A report by Scroll in 2022 on the ED’s record of going after Opposition politicians pointed out the data and urgency with which the Opposition was gone after. “If the timing of ED investigations appears suspect in several cases involving the Opposition, conversely, it is hard not to notice the lack of similar alacrity in cases involving BJP leaders”, it wrote. Government data it cited revealed how cases under the Prevention of Money Laundering Act had zoomed since 2017.

Another investigation found that 95% of ED cases since the BJP came to power in 2014 were against Opposition leaders.

A report by The Indian Express “showed that between 2014 and September 2022, 121 prominent leaders came under ED radar, 115 of them Opposition leaders; the list has grown since”.

The Wire reported last year that ED had turned into an “Excessive Directorate” by vastly extending its own scope.

Judging ED’s powers

After amendments to the Prevention of Money Laundering Act (PMLA) were controversially upheld by the Supreme Court last year by a bench headed by Justice A.M. Khanwilkar’s bench, two days before his retirement. As reported earlier, this bench upheld the wide powers of the ED to issue summons, record statements, make arrests and search and seize property.

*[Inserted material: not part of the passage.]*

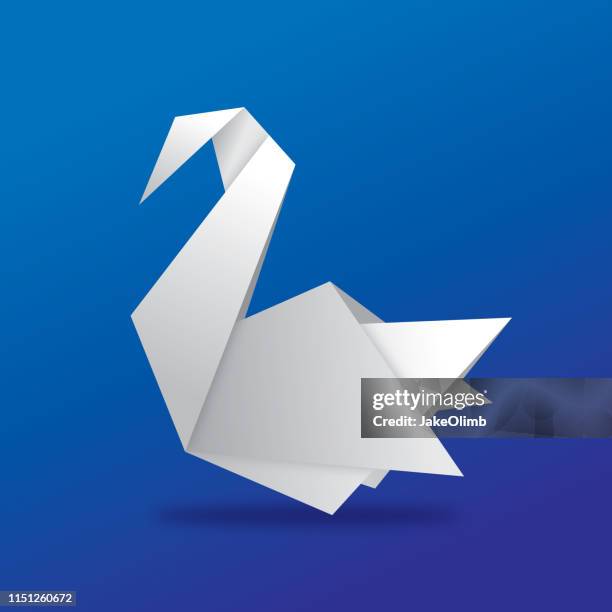 origami swan icon - schwan stock-grafiken, -clipart, -cartoons und -symbole
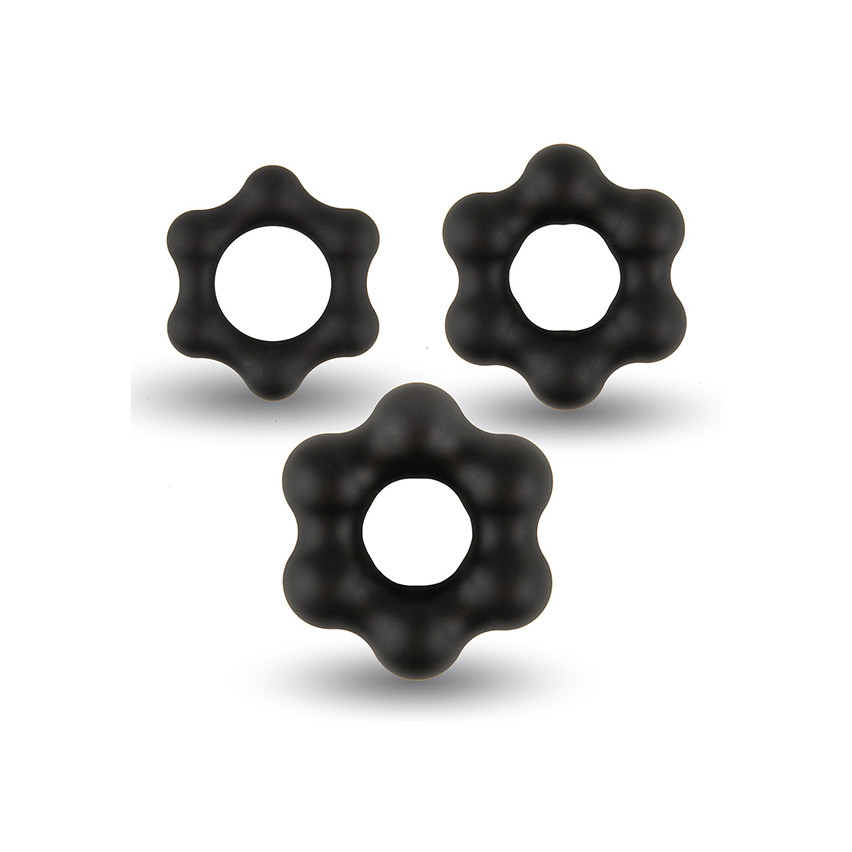 Velv'or - Rooster Milo Pack Set Of Robust Cock Rings Black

There was then a hearing by the Supreme Court’s Special Bench, which agreed to revisit its 2022 judgment upholding the PMLA. But it was doomed from the start, with the Union government questioning its legitimacy. Yet, Justice S.K. Kaul, who led the three-judge bench also comprising Justices Sanjiv Khanna and Bela M. Trivedi, sought to go ahead with the hearing initially, dismissing the Union government’s contentions against the bench’s jurisdiction to hear the case with the hope that it would be able to complete the hearing and deliver a verdict before Justice Kaul’s last day in office on December 16, prelude to his retirement on December 25.

On November 23, 2023, the second day of the hearing, the Union government continued to obstruct the hearing. Solicitor General Tushar Mehta, who realised that he could not persuade the bench not to hear the case, sought more time to respond to the arguments of the petitioners, who he alleged had “expanded their challenge to the 2022 verdict beyond the issues they had initially raised”.

This bench abandoned the endeavour. Now, the composition of the new bench to hear the case, to be constituted by the chief justice, will indicate whether the case will at all be heard by a larger bench.

Justice (retd) A.M. Khanwilkar was appointed as the Lokpal on March 10, 2024, days before the model code of conduct kicked in.

Then there was also a petition filed by 14 opposition parties jointly alleging ED and CBI bias, but the Supreme Court decided to not hear it last year on April 5, 2023.

ED’s denial

The ED, in a response to The Wire’s queries in 2023, denied all allegations and said that “in all the cases, all actions taken by the ED have been approved by the concerned jurisdictional court from time to time. Moreover, as the questions posed by you pertain to sensitive cases and would amount to disclosing facts in pending cases where matter is sub-judice and also may pertain to disclosing investigating facts, which would not be proper. Wherever, the question regarding arrest etc. of accused have been raised in any judicial forum ED has adequately responded to the same by providing the correct information which have been accepted by the courts. It therefore appears that you have also not studied the applications filed by the accused in the other matters and replies filed by the ED and have posed unwarranted queries to ED. It may be so that you are being used by some persons with vested interest to propagate their biased views and also to elicit sensitive information from ED through you under the garb of investigative journalism. You are requested to go through the public record of the case as is available with various courts, the answers will be provided therein.”